La conception d'une base informatisée d'actes originaux conservés dans les dépôts français remonte aux années 1960. Vers cette date, Lucie Fossier, détachée de l'IRHT à Nancy, a commencé, dans le cadre du CRAL (centre de recherches et d'applications linguistiques), à travailler à la mise au point du traitement des chartes par ordinateur pour les originaux du haut Moyen Âge. Le but était avant tout lexical : il s'agissait d'élaborer un dictionnaire de la langue diplomatique du haut Moyen Âge. La démarche partait de l'enquête dans les dépôts d'archives et de l'élaboration de bordereaux descriptifs. L'ARTEM et l'IRHT suivent encore actuellement les voies tracées, dans des perspectives un peu différentes, mais les deux instituts ont souvent mené une réflexion commune et leurs liens se sont concrétisés par la publication, en 1991, d'À propos des actes d'évêques, ouvrage de mélanges en l'honneur de Lucie Fossier, répertoriant les chartes épiscopales dans les diverses collections de la Bibliothèque nationale, et dans les dépôts d'archives nationales et départementales.

L'ARTEM s'était donné pour objectif de répertorier les actes antérieurs à 1121 conservés en France.

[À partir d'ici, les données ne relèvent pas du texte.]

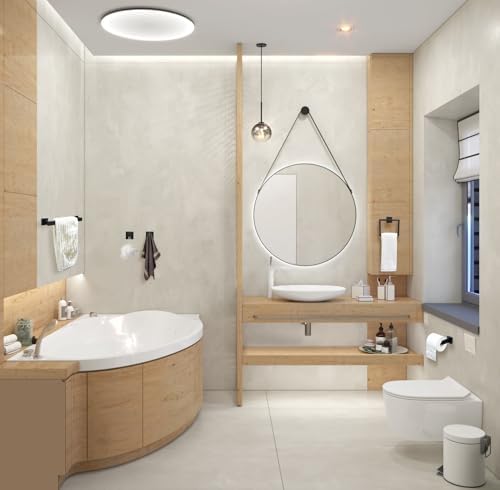 5-Piece Black Bathroom Hardware Set Wall-Mounted Style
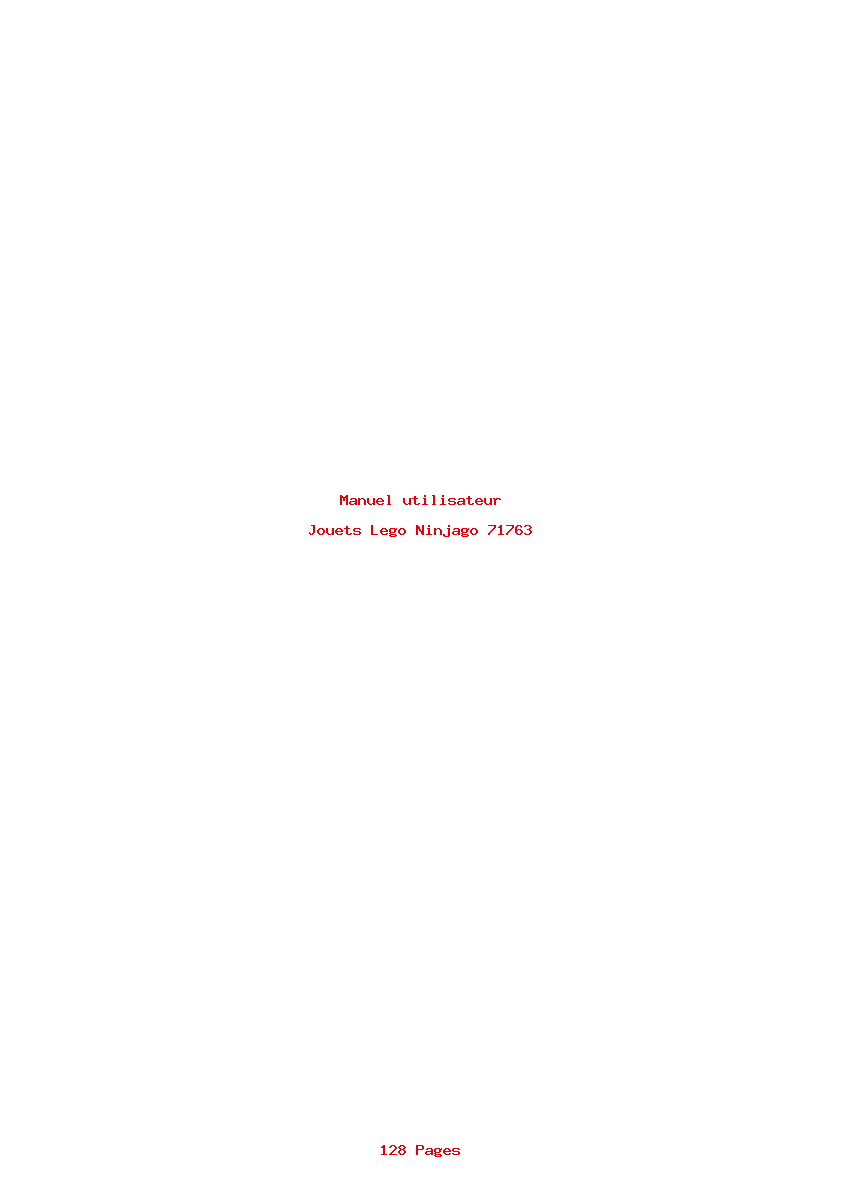 Page 1 de la notice Manuel utilisateur Lego Ninjago 71763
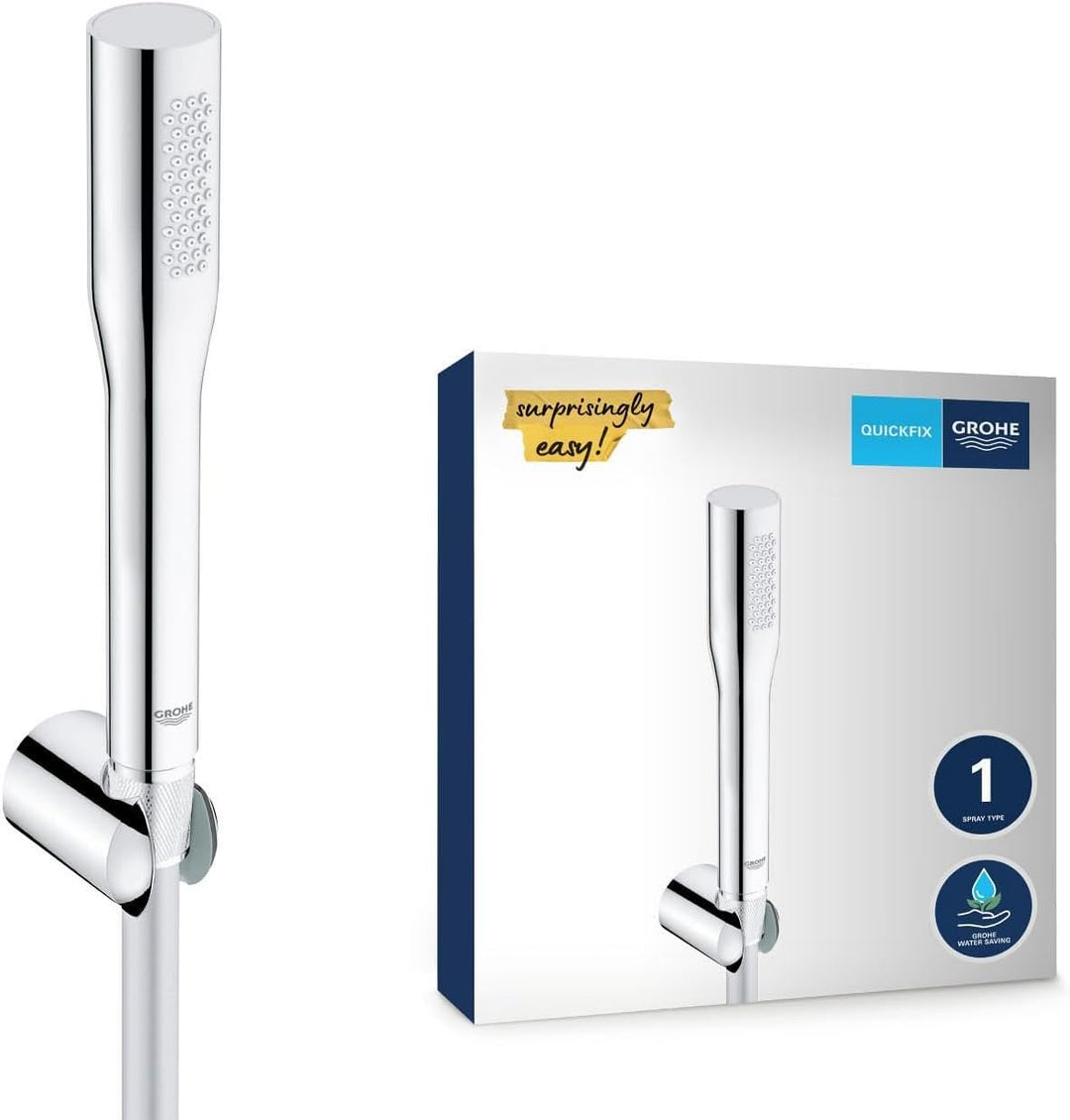 GROHE Vitalio Get - Handbrause (wassersparend, 1 Strahlart, mit Wandbrausehalter, Antikalk-System),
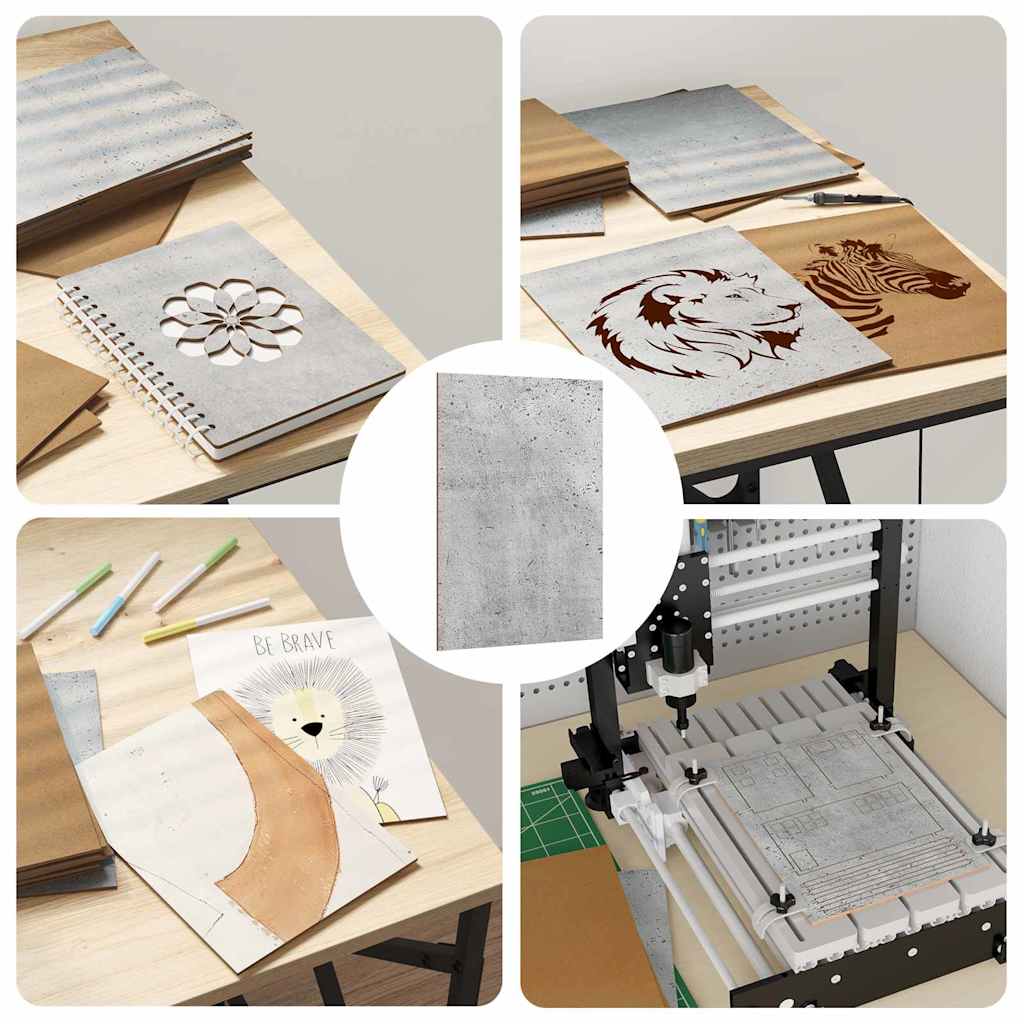 vidaXL Panele dekoracyjne 50 pcs Betonowy szary 15 x 21 x 0.27 cm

Lucie Fossier, revenue à l'IRHT, décida de s'occuper du traitement des originaux antérieurs à 1221, conservés dans les séries L et S des Archives nationales, séries contenant les documents concernant pour la plupart les établissements ecclésiastiques du diocèse de Paris. Pourquoi 1221 ? Pour prolonger d'un siècle le travail de l'ARTEM et être sûr d'englober les actes non datés de la fin du XIIe ou du début du XIIIe siècle. Dans le cadre de la section de paléographie et dans le but de dater les manuscrits, F. Gasparri, G. Grand et D. Escudier avaient constitué en 1972 un inventaire analytique de ces deux séries, en opérant un classement par noms de lieux, un par nom de personnes, ainsi qu'un classement chronologique pour les actes royaux. Vers 1980, l'IRHT entreprenait le microfilmage systématique de ces documents recto et verso et leur tirage photographique. En même temps, la section d'informatique de l'IRHT, créée en 1970, travaillait àmettre au point un logiciel d'interrogation, destiné à la fois à exploiter les lettres communes des papes traitées par l'École française de Rome et les chartes antérieures à 1220.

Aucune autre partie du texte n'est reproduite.